» **Instructions for the task**
Could the entries below be transcribed word for word, with the pictures omitted?
*** Records for processing Section Begins ***
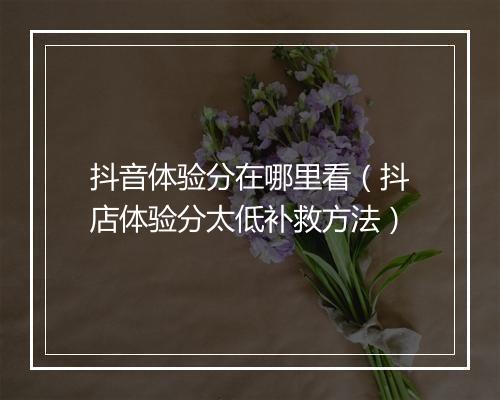 抖音体验分在哪里看（抖店体验分太低补救方法）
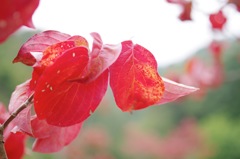 けやきの森自然園_7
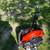 Backpack leaf blower 5 thumbnail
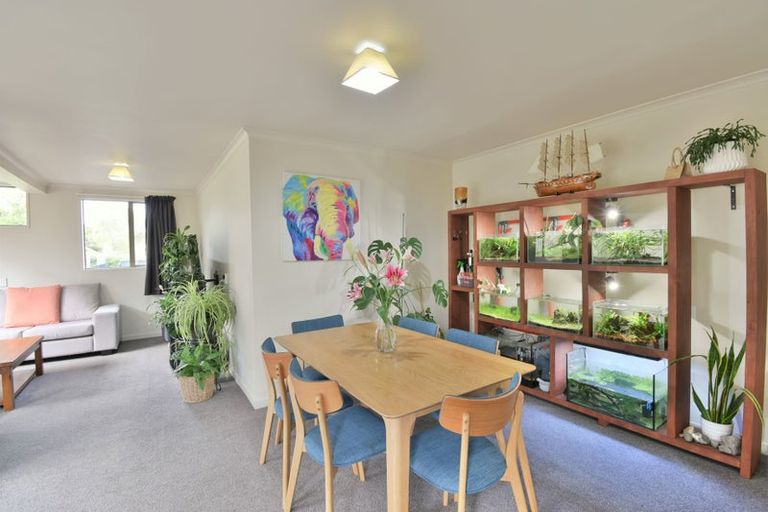 Photo of property in 303 Main South Road, Green Island, Dunedin, 9018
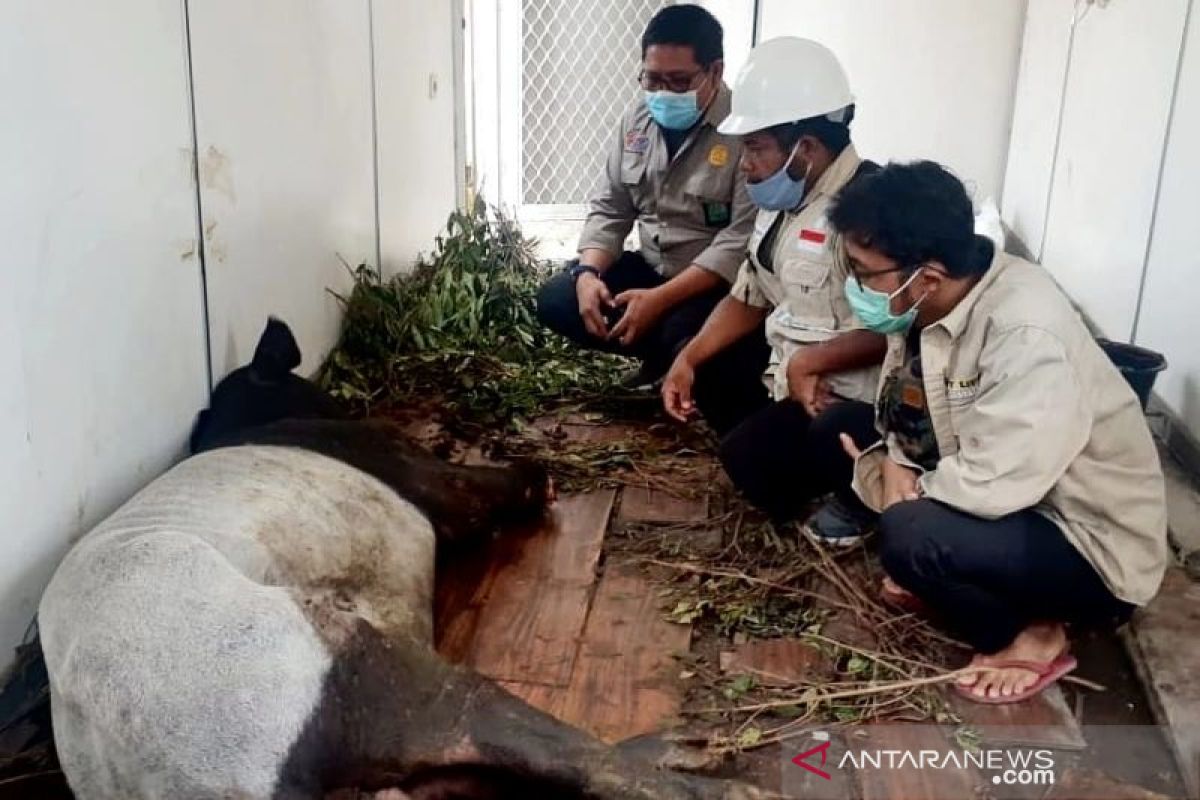 Tapir jantan ini putus kakinya akibat terjerat di Pelalawan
*** Records for processing Section Ends ***
» **Task output**
 抖音体验分在哪里看（抖店体验分太低补救方法）
 けやきの森自然園_7
 Backpack leaf blower 5 thumbnail
 Photo of property in 303 Main South Road, Green Island, Dunedin, 9018
 Tapir jantan ini putus kakinya akibat terjerat di Pelalawan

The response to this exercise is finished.